Earlier this week, the House marked the one-year anniversary of the 7 October atrocities. On that day and the days that followed, Hamas and other groups intended to ignite a wider war, and the death and destruction that would follow in its wake. Today, when over 2 million people have been displaced, over 40,000 Palestinians are dead and the threat of wider war looms all too closely, we must redouble our efforts in pursuit of an immediate ceasefire, the return of hostages and real progress—after these long years—towards a two-state solution that upholds the dignity of the Palestinian people and the security and territorial integrity of both nations.

Six months ago, the Israeli Defence Minister said:

“We plan to flood Gaza with aid and we are expecting to reach 500 trucks per day.”

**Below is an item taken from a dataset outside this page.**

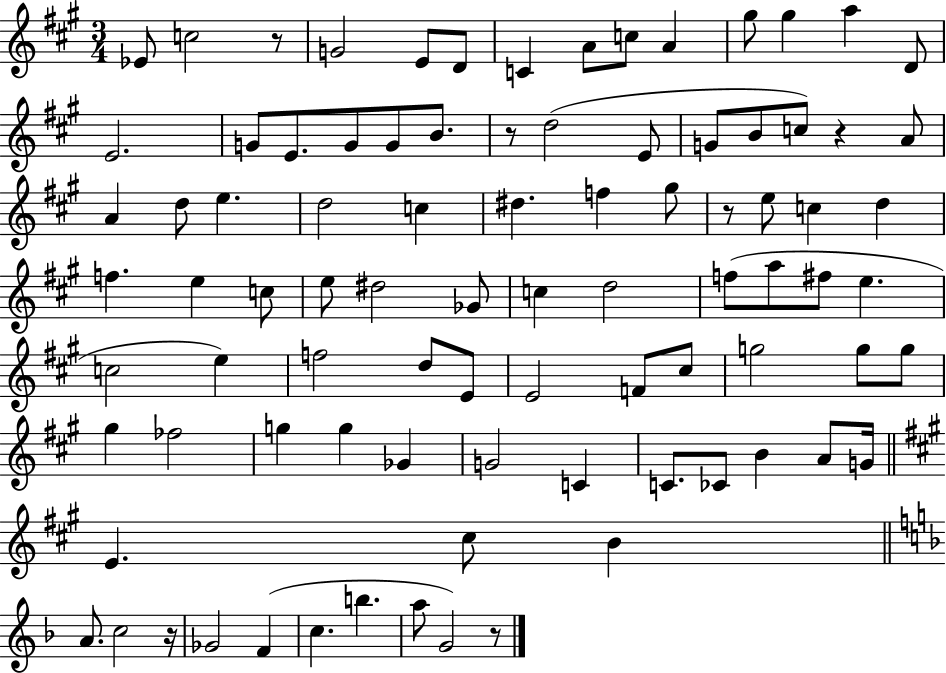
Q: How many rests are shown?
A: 6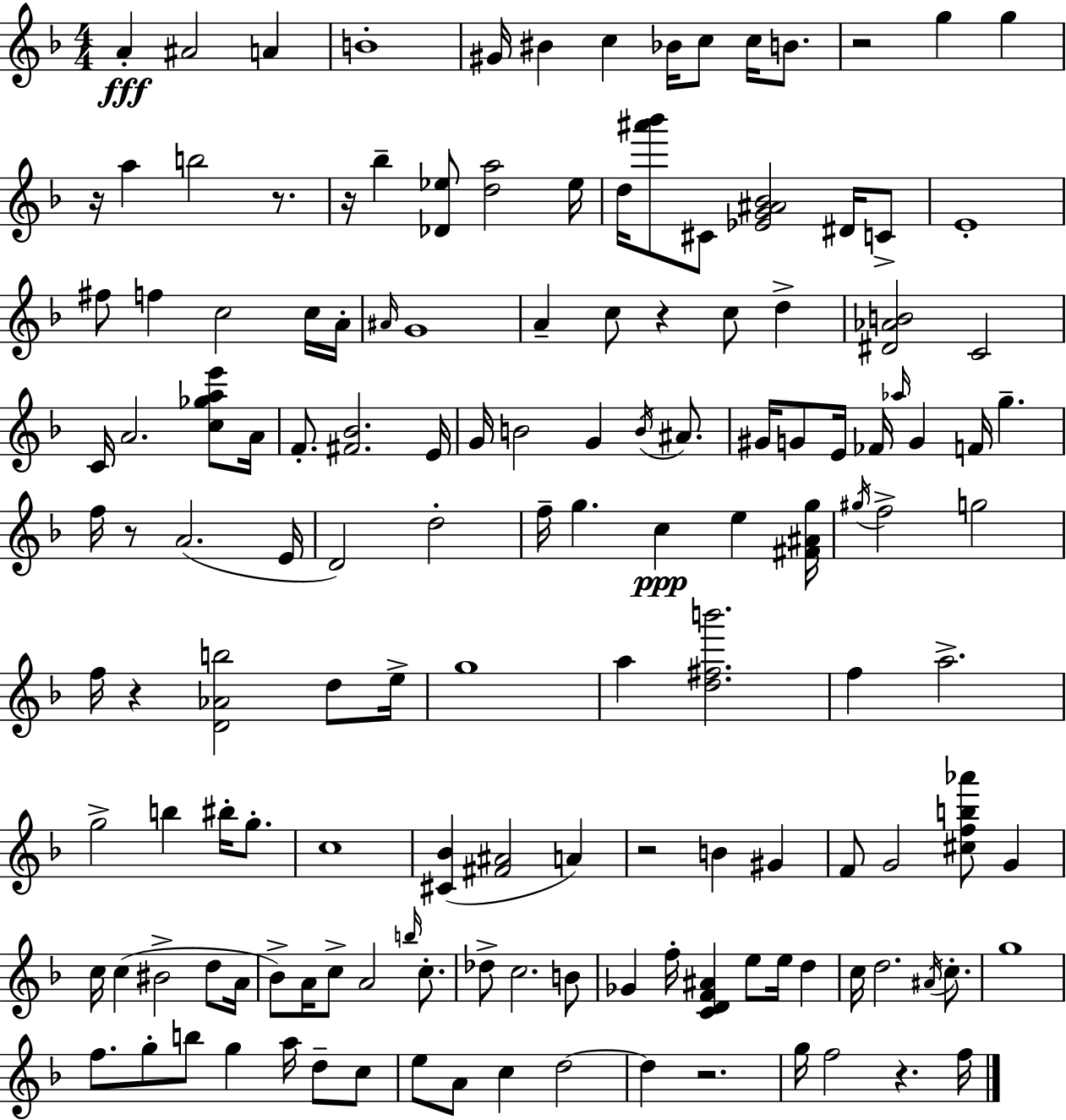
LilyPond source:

However, since then the World Health Organisation has warned that lifesaving hospital aid has been cut off, and the UN has warned that starvation has spread throughout Gaza. There were just 52 aid trucks each day in September —a bare tenth of the pre-October rates and far short of the total needed to relieve the extreme distress.

Noting the UK Government’s existing assessment that Israel is not ensuring that lifesaving food and medical supplies are reaching civilians in Gaza, I ask the Minister to update us today on what representations and protests the UK Government have made to the Israeli Government on the entry of food and aid into Gaza. Secondly, what steps are the Government taking to work with aid agencies and civil society to offer protection to aid workers, including British aid workers, who face unacceptable risk? Finally, will he give us a broader update on the UK Government’s efforts to progress ceasefire talks and bring forward a credible reconstruction programme in Gaza?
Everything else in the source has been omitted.